My dear friends in our Lord: Glory to Jesus Christ!
Today we celebrate the blessed Feast of Pentecost, the Fiftieth Day of Pascha. We begin, as it were, the “rest of the year” now, that part of the year after the great season of Pascha, lasting all the way until Lent next year, when we begin the preparation for Pascha once again.
As we find so often in the Christian life, every day, every week, every season offers us the chance to resolve to get down to it, to begin living the life of grace in earnest all the more. And today is a great opportunity of exactly that challenge for us, for the coming year.
Having spent the Paschal season without bending the knee, in accordance with tradition, today, for the first time since Pascha, we once again will kneel in prayer. It is a good place to be – on our knees – to start again, to start ever anew, to start the rest of our time, as we celebrate the great mysteries of the Feast of Pentecost.
In today’s Gospel we hear our Lord calling out: If any man thirst, let him come unto Me, and drink!
Our Lord draws no man by force or compulsion, but calls anyone who thirsts, and offers to give him drink. He is the Wisdom and Power of God, He is the eternal and ever-existent Word of the Father, Who stands even today, now, just as He did then and calls the thirsty to drink. Let us taste and see and know that the Lord is good; He is the inexhaustible fount of goodness and immortality.

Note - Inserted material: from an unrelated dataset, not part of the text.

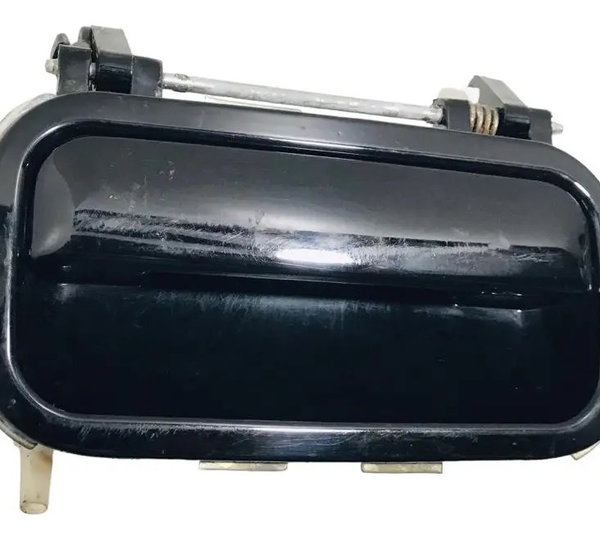 Maçaneta Externa Porta Esquerda Gm Corsa Classic 97/12 Usado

The living water is the grace of the Holy Spirit. For just as water comes down as rain from the heavens, nourishing and refreshing material creation; so also the Holy Spirit descends from heaven and nourishes and refreshes the soul.
The Holy Spirit is also called fire, because just as fire is one in appearance, but acts in various ways, warming, burning, illuminating, and cleansing, so it is with the Holy Spirit. As we hear in the Scriptures, “There are diversities of graces, but the same Spirit; and there are diversities of ministries, but the same Lord; and there are diversities of operations, but the same God, Who worketh all in all.”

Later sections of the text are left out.